The central point of the U.S. recovery story – absent any appreciable growth in productivity, capital investment, and sectoral value added – was the only bright spot on the U.S. economic horizon: the labour markets. In fact, the U.S. headline unemployment figures have shown very strong gains, and jobs creation has been robust, with more recent data showing improvements (at long last) in households’ incomes. All of these indicators can and have been robustly challenged in terms of the extent to which they show true nature of improvements. However, they have been taken, predominantly, as read. Improvements are improvements, and gains are gains.
And as the readers of my blog and media articles would have known, the story is never complete, if one looks only at headline figures. Reality is always more complex.
So to show you this complexity at work, let’s look at one official indicator of the health of the labour markets in the U.S. – duration of unemployment. If the U.S. economy is really awash with jobs, and if the true unemployment rate is really sitting at 4.9 percent, the duration of unemployment should not only be declining on average, but it should be closer to ‘normal’ non-recessionary reading. Right?

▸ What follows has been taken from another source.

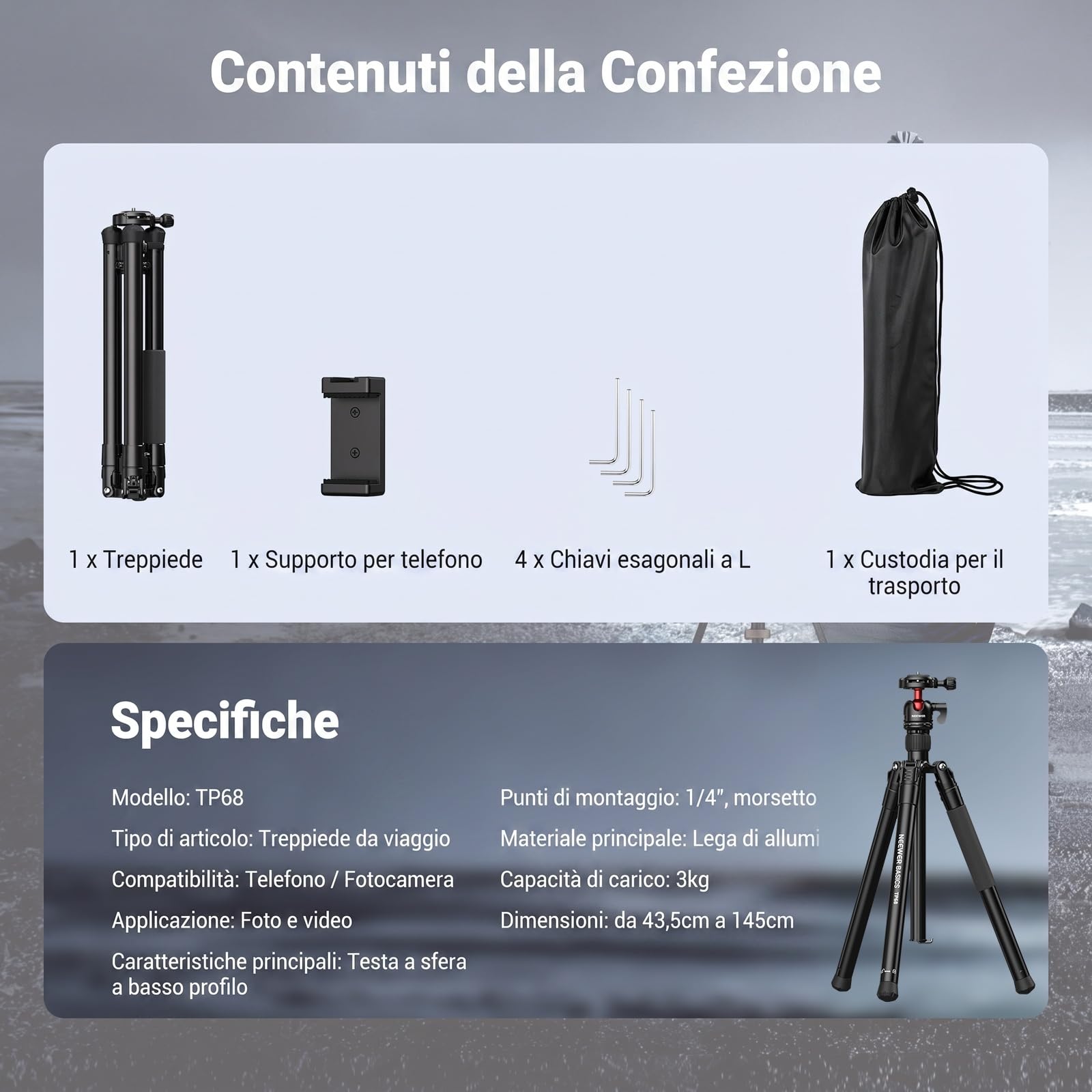 NEEWER BASICS Monopiede Treppiede Fotocamera da 145cm con Piastra QR Arca Testa Sfera Porta Telefono, Tripod da Viaggio Compatto e Portatile per iPhone DSLR Videocamera Video Streaming, Max 3kg, TP68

Take a look at the following chart based on data from the St Louis Federal Reserve database, Fred:
Yes, duration of unemployment peaked in January 2011 at 40.7 weeks and since then fallen to 26.3 weeks (as of November 2016), but 26.3 weeks for average unemployment benefits duration is still above any previous recession since 1948 on.
Now, as er return to normalcy. During 1990-1991 and 2001 recessions, recovery failed to completely reduce average duration of unemployment back to pre-recessionary norms. In simple terms, after the end of recession, in 1990-1991 and 2001 downturns, on average, unemployed people remained in unemployment longer than before recessions. These were the first two recession on record that resulted in this change in structural unemployment duration.
Now, consider 2008 recession. Chart below illustrates what happened to the ‘new normal’ duration of unemployment spells. Specifically, chart below plots the difference between average duration of unemployment during recession and recovery and the average duration of unemployment in 12 months prior to the onset of each recession. Returning to normal here would mean getting duration gap closer to zero.
Again, current (since 2008) recovery is clearly the worst for all post-recessionary episodes on record. Currently, duration of unemployment is 9.5 weeks, on average, longer than it was during the last 12 months of pre-2008 recession. Which is bad enough to be worse than the peak deviation for any recession in modern history.
What is happening here? The fabled U.S. jobs creation recovery is really a combination of several factors. One of these is genuine increases in jobs being created, which drives unemployment down. Another is demographic: U.S. labour force is expanding, and as it does, employment creation get swallowed by new entrants into labour force, while many existent unemployed are either exiting the labour force, or remaining on unemployment benefits longer. Of course, putting younger workers to work is a good thing. But squeezing older unemployed out of workforce is not.
There are serious problems with highly elevated (to-date) duration of U.S. unemployment that few politicians are willing to talk about. For one, longer duration of unemployment implies lower probability of transition into employment. Secondly, it also implies higher probability of future unemployment in future recessions. Thirdly, it implies more severe losses in skills, human capital, health, social well-being, etc. In other words, costs of unemployment rise faster for longer duration of unemployment.